--- Data to use ---

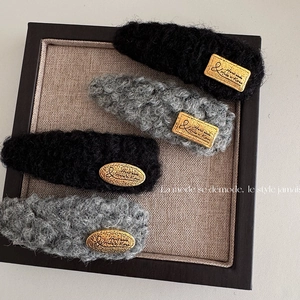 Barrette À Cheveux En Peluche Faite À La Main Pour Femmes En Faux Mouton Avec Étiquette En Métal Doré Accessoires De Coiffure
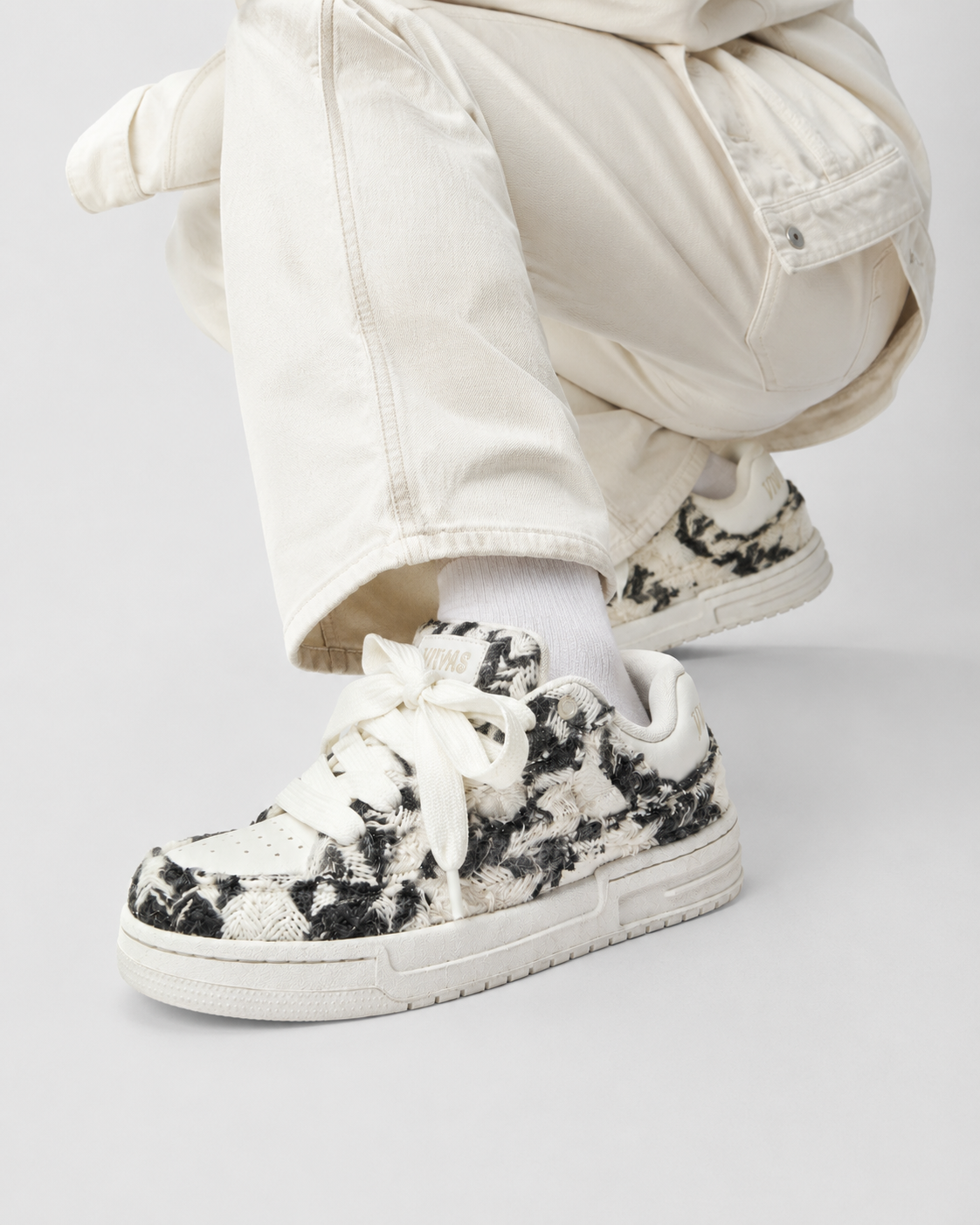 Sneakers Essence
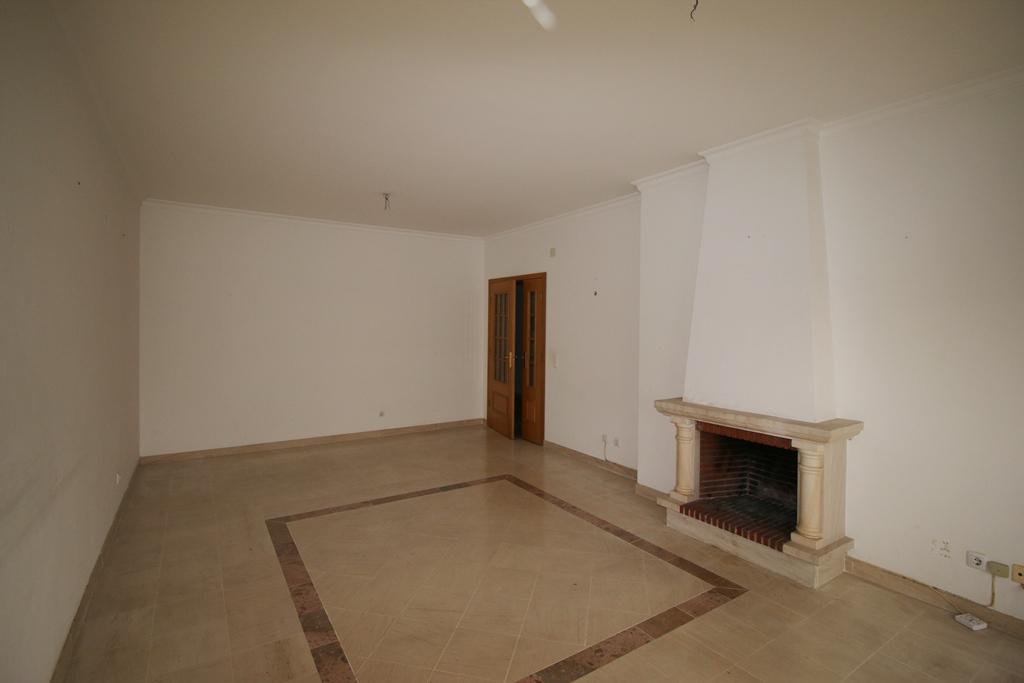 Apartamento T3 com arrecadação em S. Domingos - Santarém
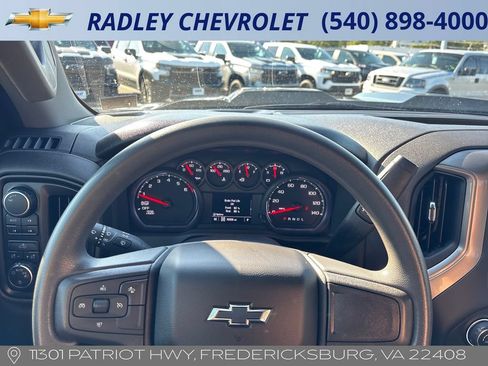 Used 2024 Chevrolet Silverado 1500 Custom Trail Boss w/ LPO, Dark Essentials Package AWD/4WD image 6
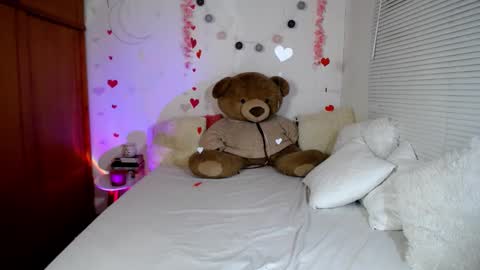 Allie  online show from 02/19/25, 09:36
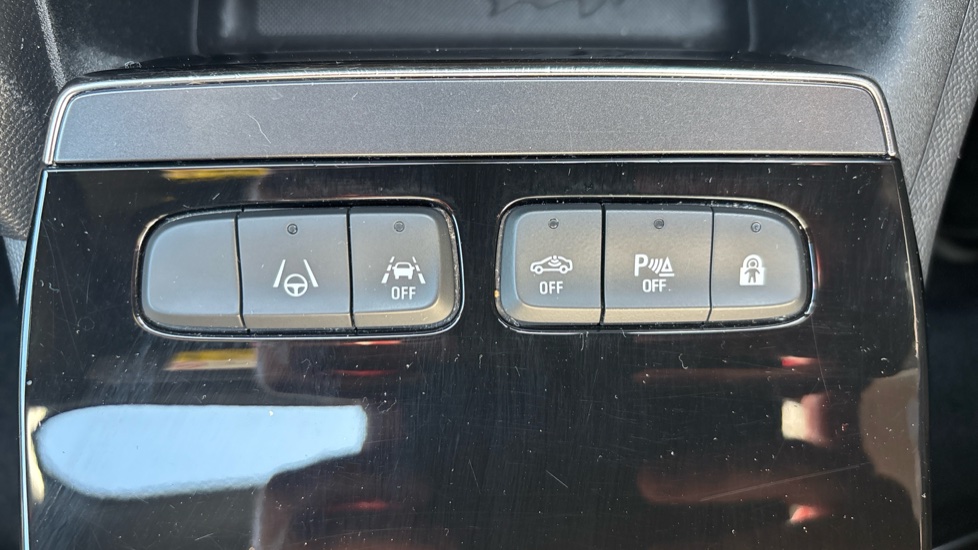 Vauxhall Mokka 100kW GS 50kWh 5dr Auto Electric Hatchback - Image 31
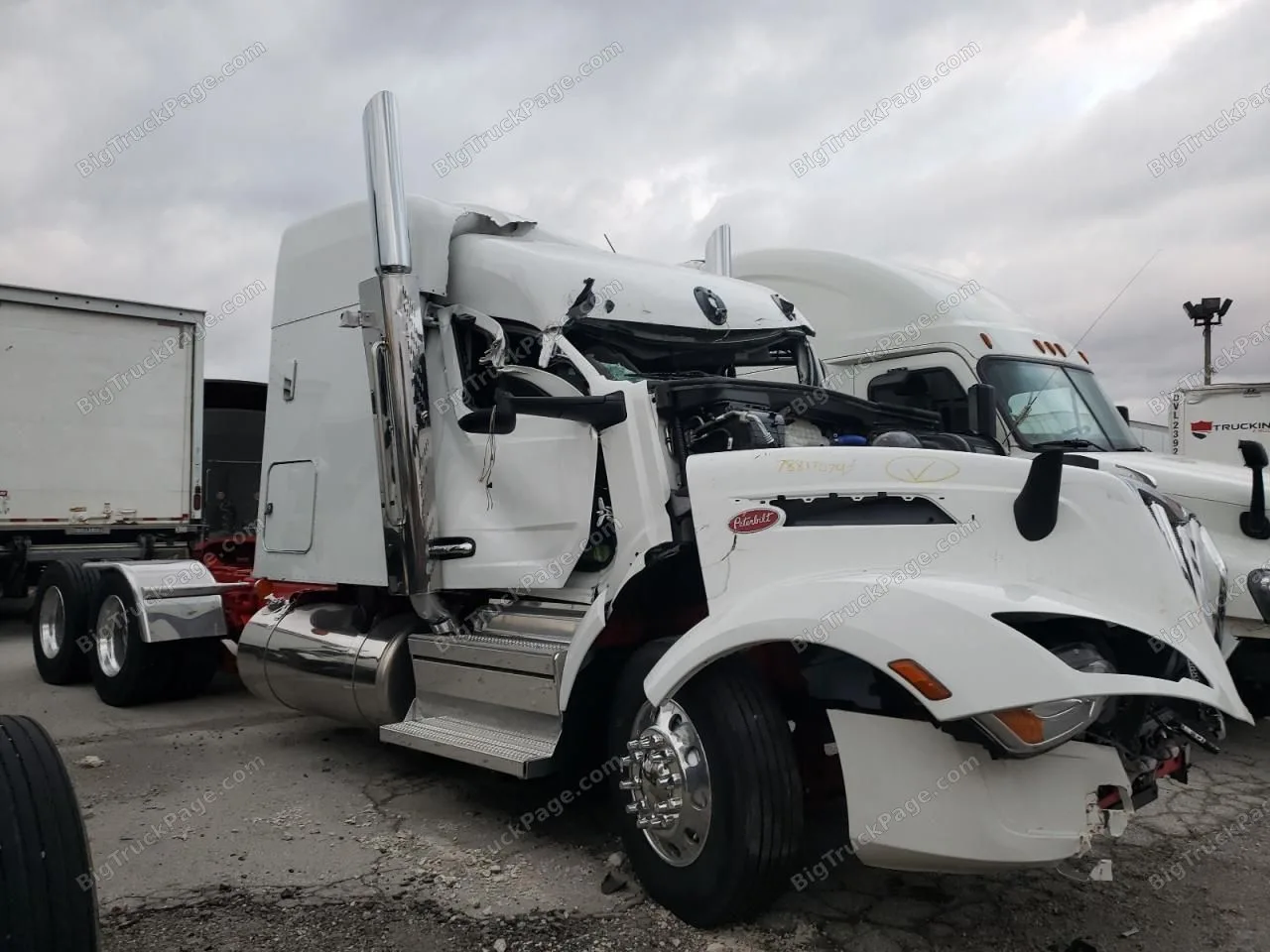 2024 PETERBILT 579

---

Exercise → Would you please copy the listing exactly, omitting every picture?

Task result →
 Barrette À Cheveux En Peluche Faite À La Main Pour Femmes En Faux Mouton Avec Étiquette En Métal Doré Accessoires De Coiffure
 Sneakers Essence
 Apartamento T3 com arrecadação em S. Domingos - Santarém
 Used 2024 Chevrolet Silverado 1500 Custom Trail Boss w/ LPO, Dark Essentials Package AWD/4WD image 6
 Allie  online show from 02/19/25, 09:36
 Vauxhall Mokka 100kW GS 50kWh 5dr Auto Electric Hatchback - Image 31
 2024 PETERBILT 579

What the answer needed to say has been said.